Diaz denies that he or any unsafe structures inspectors spoke with Hamilton.
Hamilton’s attorney, David Winker, said his client’s use of the legal term “quasi” — well before Winker offered to represent him legally — makes clear that Hamilton had made contact with the city.
“Where the hell would he get that term from” other than in a conversation with someone in the building department? he said.
Hamilton said the building official told him that the department had talked to his cousin and that Anderson was aware of the pending demolition. City records indicate the department never made contact with Anderson. Certified letters sent to his P.O. box went unclaimed.
Despite his conversation with someone at the city, when the city came in and knocked down the house, Hamilton ended up on the street in the midst of a coronavirus pandemic, complicating any effort to receive homeless services.
Representatives from the Miami Homeless Assistance Program showed up two days and two nights later, after Keith Lorren, from the family living next door, began posting on social media about what had happened. The officials offered Hamilton a homeless shelter placement, following a 14-day quarantine in a hotel. But by then, Lorren had already begun making his own hotel arrangement for Hamilton, funded by donations he has collected through Facebook and GoFundMe.
Lorren’s original goal was to raise at least $10,000 to cover the cost of the hotel room and replace the possessions Hamilton lost because of the demolition. He has since increased the goal to $20,000 to secure more permanent housing “just in case the city doesn’t help.”
Local affordable housing advocate Daniella Pierre said regardless of the state of Hamilton’s house, the city did not do enough to relocate him. “Instead of being proactive, now they’re going to be reactive,” she said. As soon as the city realized someone was living on the property, it should have notified Miami’s civil rights and fair housing groups as well as the American Red Cross “to ensure that fair housing rights are upheld to the fullest extent of the law,” Pierre said.
According to the building department, when there is a known tenant on a property set to be demolished, its policy is to send human services to offer relocation assistance.
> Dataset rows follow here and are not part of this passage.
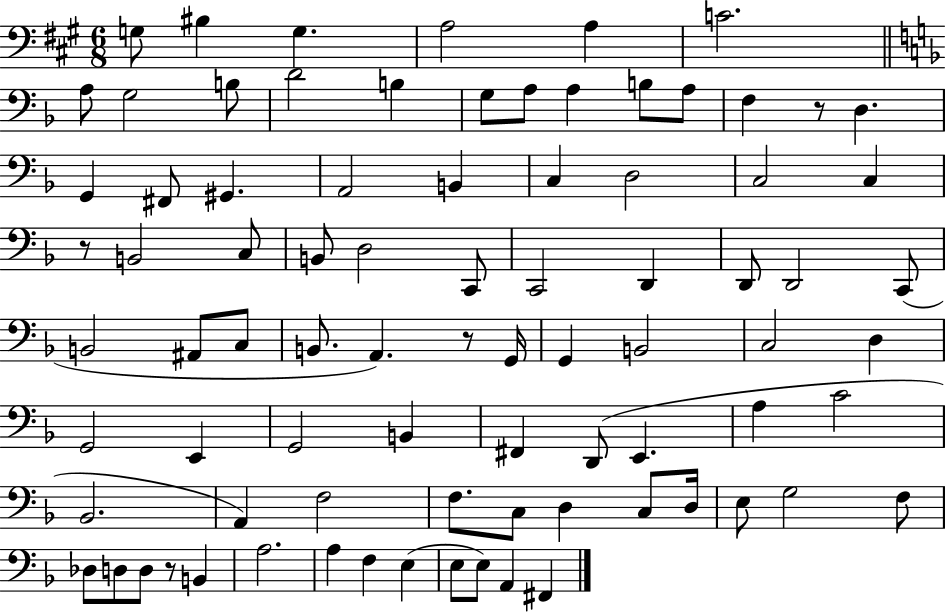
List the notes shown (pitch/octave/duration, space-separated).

G3/e BIS3/q G3/q. A3/h A3/q C4/h. A3/e G3/h B3/e D4/h B3/q G3/e A3/e A3/q B3/e A3/e F3/q R/e D3/q. G2/q F#2/e G#2/q. A2/h B2/q C3/q D3/h C3/h C3/q R/e B2/h C3/e B2/e D3/h C2/e C2/h D2/q D2/e D2/h C2/e B2/h A#2/e C3/e B2/e. A2/q. R/e G2/s G2/q B2/h C3/h D3/q G2/h E2/q G2/h B2/q F#2/q D2/e E2/q. A3/q C4/h Bb2/h. A2/q F3/h F3/e. C3/e D3/q C3/e D3/s E3/e G3/h F3/e Db3/e D3/e D3/e R/e B2/q A3/h. A3/q F3/q E3/q E3/e E3/e A2/q F#2/q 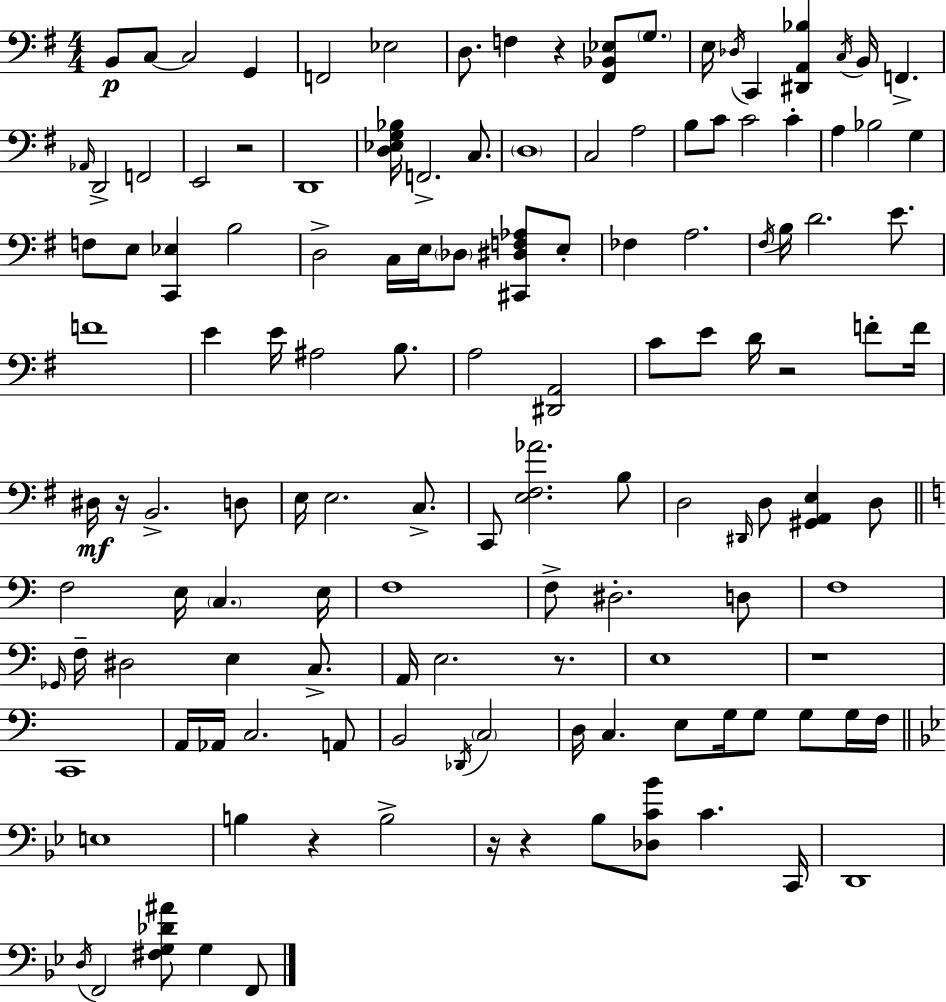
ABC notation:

X:1
T:Untitled
M:4/4
L:1/4
K:G
B,,/2 C,/2 C,2 G,, F,,2 _E,2 D,/2 F, z [^F,,_B,,_E,]/2 G,/2 E,/4 _D,/4 C,, [^D,,A,,_B,] C,/4 B,,/4 F,, _A,,/4 D,,2 F,,2 E,,2 z2 D,,4 [D,_E,G,_B,]/4 F,,2 C,/2 D,4 C,2 A,2 B,/2 C/2 C2 C A, _B,2 G, F,/2 E,/2 [C,,_E,] B,2 D,2 C,/4 E,/4 _D,/2 [^C,,^D,F,_A,]/2 E,/2 _F, A,2 ^F,/4 B,/4 D2 E/2 F4 E E/4 ^A,2 B,/2 A,2 [^D,,A,,]2 C/2 E/2 D/4 z2 F/2 F/4 ^D,/4 z/4 B,,2 D,/2 E,/4 E,2 C,/2 C,,/2 [E,^F,_A]2 B,/2 D,2 ^D,,/4 D,/2 [^G,,A,,E,] D,/2 F,2 E,/4 C, E,/4 F,4 F,/2 ^D,2 D,/2 F,4 _G,,/4 F,/4 ^D,2 E, C,/2 A,,/4 E,2 z/2 E,4 z4 C,,4 A,,/4 _A,,/4 C,2 A,,/2 B,,2 _D,,/4 C,2 D,/4 C, E,/2 G,/4 G,/2 G,/2 G,/4 F,/4 E,4 B, z B,2 z/4 z _B,/2 [_D,C_B]/2 C C,,/4 D,,4 D,/4 F,,2 [^F,G,_D^A]/2 G, F,,/2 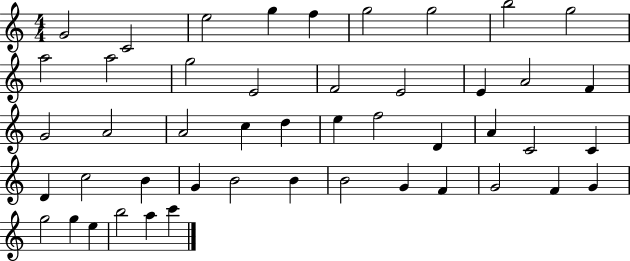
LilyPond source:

{
  \clef treble
  \numericTimeSignature
  \time 4/4
  \key c \major
  g'2 c'2 | e''2 g''4 f''4 | g''2 g''2 | b''2 g''2 | \break a''2 a''2 | g''2 e'2 | f'2 e'2 | e'4 a'2 f'4 | \break g'2 a'2 | a'2 c''4 d''4 | e''4 f''2 d'4 | a'4 c'2 c'4 | \break d'4 c''2 b'4 | g'4 b'2 b'4 | b'2 g'4 f'4 | g'2 f'4 g'4 | \break g''2 g''4 e''4 | b''2 a''4 c'''4 | \bar "|."
}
If the property is a single-family home like Hamilton’s but occupied by the owner, it is referred to the community redevelopment agency.
“If no one makes themselves known to the city as a person residing, either legally or illegally, at the property it is extremely difficult for the City of Miami to assist them with the resources available,” Marrero wrote in an email to the Herald.
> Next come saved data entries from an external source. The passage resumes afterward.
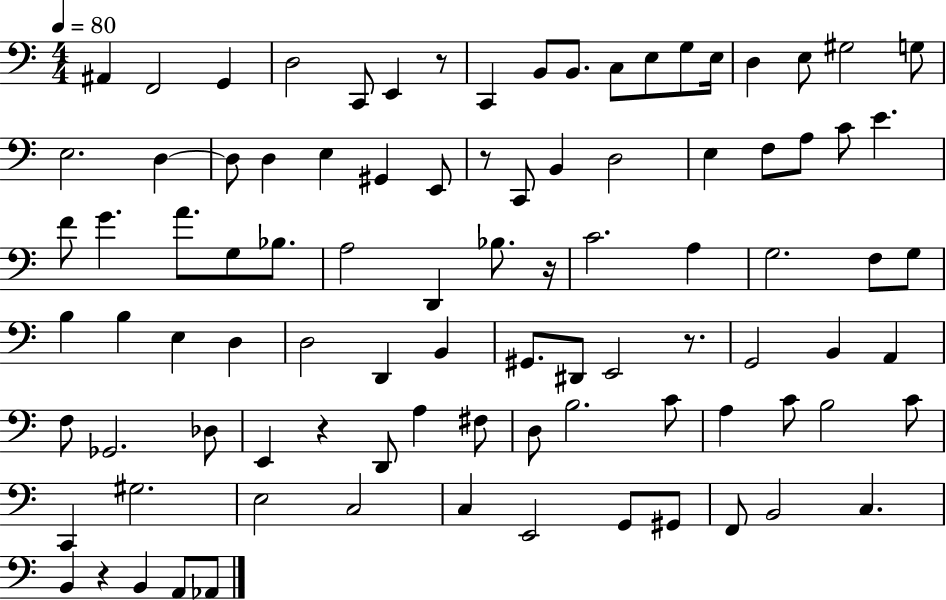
X:1
T:Untitled
M:4/4
L:1/4
K:C
^A,, F,,2 G,, D,2 C,,/2 E,, z/2 C,, B,,/2 B,,/2 C,/2 E,/2 G,/2 E,/4 D, E,/2 ^G,2 G,/2 E,2 D, D,/2 D, E, ^G,, E,,/2 z/2 C,,/2 B,, D,2 E, F,/2 A,/2 C/2 E F/2 G A/2 G,/2 _B,/2 A,2 D,, _B,/2 z/4 C2 A, G,2 F,/2 G,/2 B, B, E, D, D,2 D,, B,, ^G,,/2 ^D,,/2 E,,2 z/2 G,,2 B,, A,, F,/2 _G,,2 _D,/2 E,, z D,,/2 A, ^F,/2 D,/2 B,2 C/2 A, C/2 B,2 C/2 C,, ^G,2 E,2 C,2 C, E,,2 G,,/2 ^G,,/2 F,,/2 B,,2 C, B,, z B,, A,,/2 _A,,/2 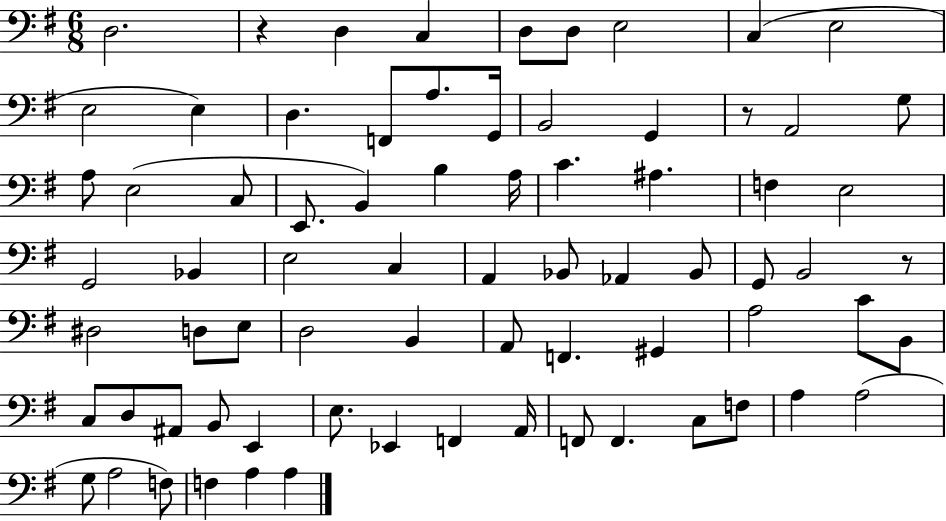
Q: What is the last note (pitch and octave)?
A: A3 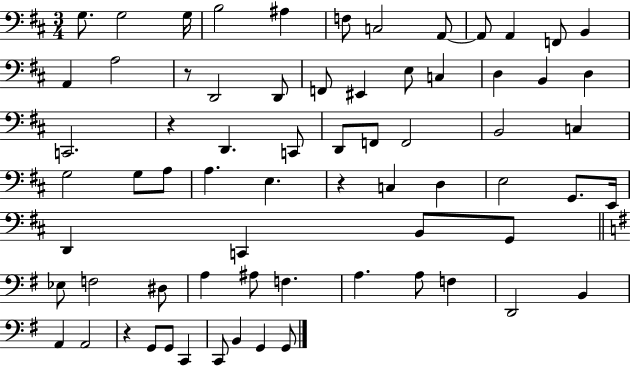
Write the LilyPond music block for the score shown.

{
  \clef bass
  \numericTimeSignature
  \time 3/4
  \key d \major
  g8. g2 g16 | b2 ais4 | f8 c2 a,8~~ | a,8 a,4 f,8 b,4 | \break a,4 a2 | r8 d,2 d,8 | f,8 eis,4 e8 c4 | d4 b,4 d4 | \break c,2. | r4 d,4. c,8 | d,8 f,8 f,2 | b,2 c4 | \break g2 g8 a8 | a4. e4. | r4 c4 d4 | e2 g,8. e,16 | \break d,4 c,4 b,8 g,8 | \bar "||" \break \key e \minor ees8 f2 dis8 | a4 ais8 f4. | a4. a8 f4 | d,2 b,4 | \break a,4 a,2 | r4 g,8 g,8 c,4 | c,8 b,4 g,4 g,8 | \bar "|."
} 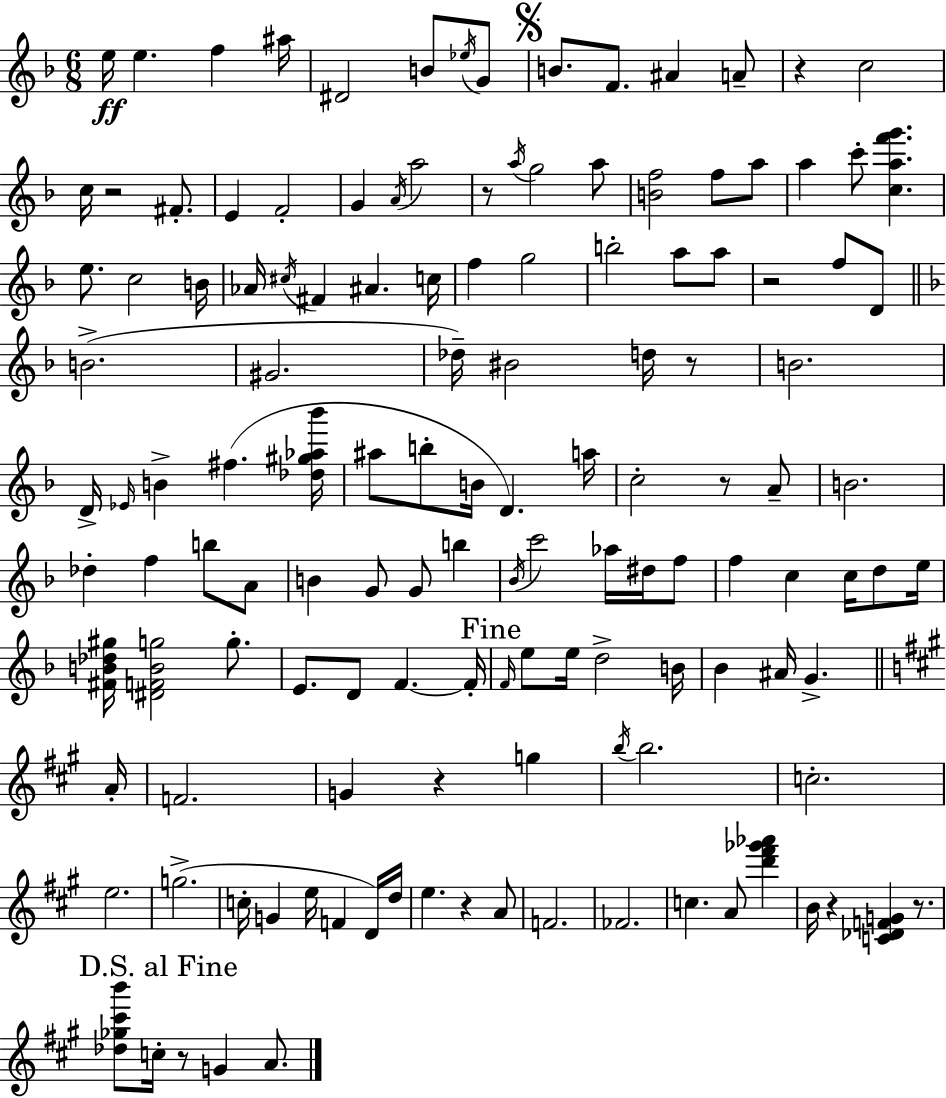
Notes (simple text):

E5/s E5/q. F5/q A#5/s D#4/h B4/e Eb5/s G4/e B4/e. F4/e. A#4/q A4/e R/q C5/h C5/s R/h F#4/e. E4/q F4/h G4/q A4/s A5/h R/e A5/s G5/h A5/e [B4,F5]/h F5/e A5/e A5/q C6/e [C5,A5,F6,G6]/q. E5/e. C5/h B4/s Ab4/s C#5/s F#4/q A#4/q. C5/s F5/q G5/h B5/h A5/e A5/e R/h F5/e D4/e B4/h. G#4/h. Db5/s BIS4/h D5/s R/e B4/h. D4/s Eb4/s B4/q F#5/q. [Db5,G#5,Ab5,Bb6]/s A#5/e B5/e B4/s D4/q. A5/s C5/h R/e A4/e B4/h. Db5/q F5/q B5/e A4/e B4/q G4/e G4/e B5/q Bb4/s C6/h Ab5/s D#5/s F5/e F5/q C5/q C5/s D5/e E5/s [F#4,B4,Db5,G#5]/s [D#4,F4,B4,G5]/h G5/e. E4/e. D4/e F4/q. F4/s F4/s E5/e E5/s D5/h B4/s Bb4/q A#4/s G4/q. A4/s F4/h. G4/q R/q G5/q B5/s B5/h. C5/h. E5/h. G5/h. C5/s G4/q E5/s F4/q D4/s D5/s E5/q. R/q A4/e F4/h. FES4/h. C5/q. A4/e [D6,F#6,Gb6,Ab6]/q B4/s R/q [C4,Db4,F4,G4]/q R/e. [Db5,Gb5,C#6,B6]/e C5/s R/e G4/q A4/e.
According to city records, an inspector wrote that the house was “occupied by squatters” in a letter addressed to Anderson in May 2019.
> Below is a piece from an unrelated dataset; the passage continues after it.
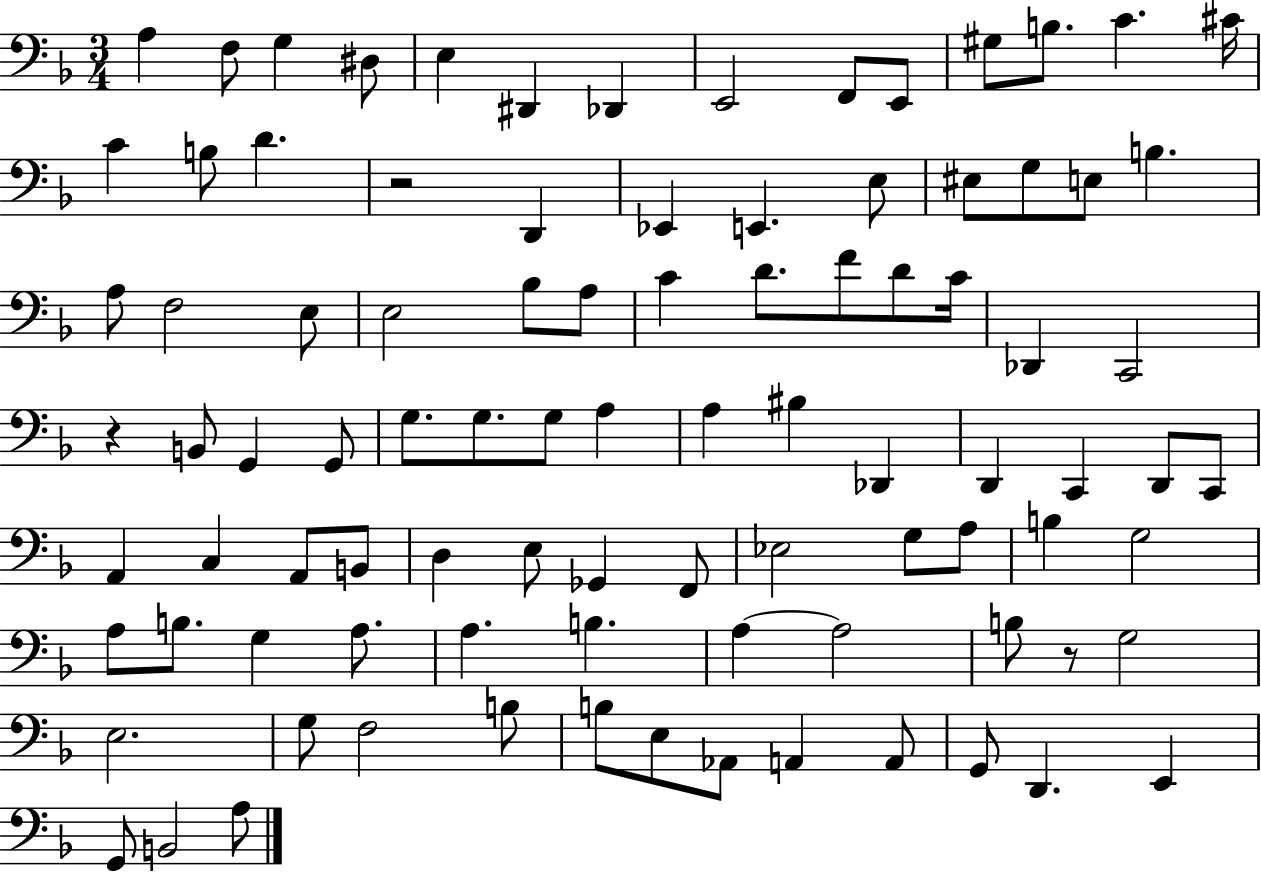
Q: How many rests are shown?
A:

“The city keeps implying ‘abandoned’ and ‘derelict,’ “ Hamilton said. “I never left.”
Frustrated by the department’s repeated claim that it did not know he lived there, Hamilton has grown distrustful that the city will follow through in offering assistance. Though he has now agreed to the 14-day quarantine the homeless assistance program offered, he said “theoretically” they will pick him up this coming Friday.
Until then, he’s sleeping in a Hampton Inn and watching the History Channel. “I’m just basically resting my muscles. My body just kind of aches all over,” he said.
Winker, the lawyer helping Hamilton with the city, has a contentious relationship with Miami, including representing a committee that sought to recall Commissioner Joe Carollo. Last month, he was hit with a code complaint for allegedly operating a business — in his case, a law office — out of his home at a time when tens of thousands of South Floridians are working out of their homes due to social distancing concerns related to the COVID-19 pandemic.
Winker, who has also provided legal advice to a friend and freelance journalist working on a project with the Miami Herald, began representing Hamilton earlier this week and sent the city a letter demanding all records pertaining to the property.
He also asked if Hamilton could address the City Commission, to which City Manager Art Noriega replied: “I think it would be appropriate to meet first.”
“I’m going to ask the city to build him back a house,” Winker said.